Seppelliti sotto una montagna cd fisici e liquidi e oscurati dalle ombre dei soliti noti ogni anno rimangono montagne di album inascoltati messi da parte, scartati a prescindere. Difficile o impossibile orientarsi in questo mare, bisogna appoggiarsi a fidati consiglieri o alle fonti fidate e ancora tanto sfugge. Un periodo di calma apparente come la fine dell’anno, in cui si è più interessati a stilare classifiche che ad ascoltare qualcosa di nuovo, mi sono arrivati in mano (sì fisicamente!) i tre album di cui parlerò brevemente qui sotto. Sono usciti così, un paio con un “passamano” e il terzo da un consiglio di un amico fidato.
Tre piacevoli scoperte, tre lavori molto diversi tra loro che spero stuzzichino l’interesse di qualcuno. Non è necessario avere il supporto fisico, ho scoperto dopo, infatti che sono disponibili sulle piattaforme di streaming (Spotify,deezer, soundcloud…), quindi non ci sono scuse (tutti comunque distribuiti comodamente nei negozi italiani grazie a Ird distirbuzione).
Parsons Thibaud – Eden (2014). Si sono incrociate diverse volte negli anni le chitarre e le voci di Joseph Parsons e Todd Thibaud. Il primo è il frontman degli US Rails mentre il secondo è un eclettico cantautore di stanza a Boston. Insieme danno vita al loro terzo lavoro assemblando dieci (cinque a testa) preziosi brani, semplici e armoniosi, tanto da ricordare certe armonie andate, lontane ma sempre piacevoli da ascoltare.
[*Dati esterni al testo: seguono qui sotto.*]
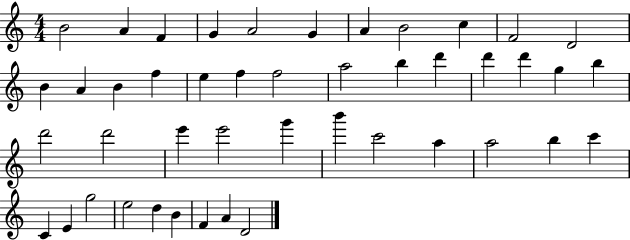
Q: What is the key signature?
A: C major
La ricerca della salvezza di “Cost of Eden” e le speranze di “Dreams We Dare and Hollwyood” si intevallano con i brani da manuale come la delicata “Everything is changed” e la corale “When Nothing Left Is True”.
Un disco per le serate davanti al camino e la neve fuori, adatto per scaldare il cuore e l’anima.
The Parson Red Heads – Orb Weaver (2014). Attivi dal 2007 questa band originaria dell’Oregon poi spostatasi a Los Angeles, cavalca l’onda (ri)aperta e aggiornata dalla Chris Robinson Brotherhood del folk di marca psichedelica.
I brani ricordano tanto le tonalità fine anni 60 californiane senza dilatarne i contenuti all’infinito e cercando direttamente il cuore senza cercare di strafare. La mano di Scott McCaughey (R.E.M., Minus 5) dietro al mixer cesella i suoni rendendo gli assoli taglienti al punto giusto e non invasivi.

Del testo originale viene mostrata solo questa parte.